The long-term utilities of Ali and the ten people in the gang of bashers are given in Table 1 (please look up in the book).

Notice that Ali will suffer a good deal more than any of the bashers will gain in utility terms, but the aggregate utility gain of the bashers exceeds the utility loss of Ali. In terms of these utilities, however, Ali remains better off than the gang of poor, unemployed bashers, even though his suffering is large enough to make a substantial impact on his long-term utility total.
Donna considers the utility information in viewing the problem first from the welfarist angle. In terms of the utilitarian objective, it is clear that the bashing up is doing more good than harm. There could be indirect effects, of course, but Donna finds that they won’t be very serious in this case. There is so much fear of racial violence in that locality anyway, that one incident will not add significantly to the general sense of insecurity. Also, whether or not the bashing is prevented by warning Ali, the bashers will continue to go about their business as usual, and there will certainly not be any better chance of making the police take some action if Ali is not actually bashed up. Thus, there is nothing in these considerations to weaken the utility argument for the incident. Of course, there is Charles’s utility also, but that will strengthen the case for no action by Donna, since breaking into his room to stop the bashing will reduce his utility. Donna turns next to the welfarist version of Rawlsian difference principle. She finds that the utility level of the worst-off individuals will go up rather than down as a consequence of the bashing up. So this “maximin” view also favors doing nothing to stop the bashing up. Indeed, so will every welfarist criterion that responds positively to a larger utility total, more equally distributed. So Donna moves to indirect utilitarian (and more generally, indirect welfarist) reasoning. She can well believe that among the class of ‘uniform’ rules dealing with bashing up, the rule of not treating anyone thus, in any situation whatever, may receive much support from the point of view of utilitarian evaluation of outcomes. But clearly from the same point of view that is, at most, a second best if choices are not necessarily confined to such uniform rules. Better still will be compliance with the no-bashing rule except in cases like this, in view of the net utility gain from this particular incident. Why should utilitarianism settle for such a second best by arbitrarily restricting choices to the class of rigid rules only? Will it not be better from the utilitarian point of view to have a more flexible rule that permits bashing up in cases of the type described, thereby avoiding unnecessary sacrifice of utility? The justification of any policy—be it a rule, or an act, or something else—must rest ultimately on the ability to produce the best outcomes, judged by “outcomes utilitarianism.”

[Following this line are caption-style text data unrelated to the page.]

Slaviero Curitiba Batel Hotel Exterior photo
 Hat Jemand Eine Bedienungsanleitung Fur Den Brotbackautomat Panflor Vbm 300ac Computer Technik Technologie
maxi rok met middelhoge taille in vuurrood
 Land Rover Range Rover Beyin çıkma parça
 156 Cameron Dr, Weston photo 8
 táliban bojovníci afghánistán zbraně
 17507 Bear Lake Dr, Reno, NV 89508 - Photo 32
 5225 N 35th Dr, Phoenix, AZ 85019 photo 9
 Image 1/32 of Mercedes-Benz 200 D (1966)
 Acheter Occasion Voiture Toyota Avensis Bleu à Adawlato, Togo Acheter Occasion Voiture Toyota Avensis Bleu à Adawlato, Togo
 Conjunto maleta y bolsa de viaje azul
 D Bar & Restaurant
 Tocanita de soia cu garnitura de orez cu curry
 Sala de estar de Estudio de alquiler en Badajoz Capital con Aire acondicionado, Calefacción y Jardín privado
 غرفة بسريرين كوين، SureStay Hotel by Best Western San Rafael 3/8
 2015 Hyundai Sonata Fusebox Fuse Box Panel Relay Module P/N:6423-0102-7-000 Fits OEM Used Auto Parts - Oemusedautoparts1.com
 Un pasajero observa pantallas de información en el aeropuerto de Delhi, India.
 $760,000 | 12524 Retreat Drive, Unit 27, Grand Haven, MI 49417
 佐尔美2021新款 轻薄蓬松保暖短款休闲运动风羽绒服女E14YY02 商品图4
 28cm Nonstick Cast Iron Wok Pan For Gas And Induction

However, it is possible that following such flexible rules is not feasible, and this is quite possible a case when we should deal with ‘disposition’ as a variable. Henry Sidgwick had seen in this an argument for going against act utilitarian reasoning, and recently this aspect of the problem has been thoroughly investigated from different perspectives in the works of Richard Hare, Robert Adams, John Harsanyi, and others. Even if a particular act of bashing, or raping, or torturing improves the utility picture, given other things, this does not imply a utilitarian endorsement of that act if that act must go with a certain disposition that will typically cause harm. The eschewal of that act will then be a necessary part of the suppression of that bad disposition.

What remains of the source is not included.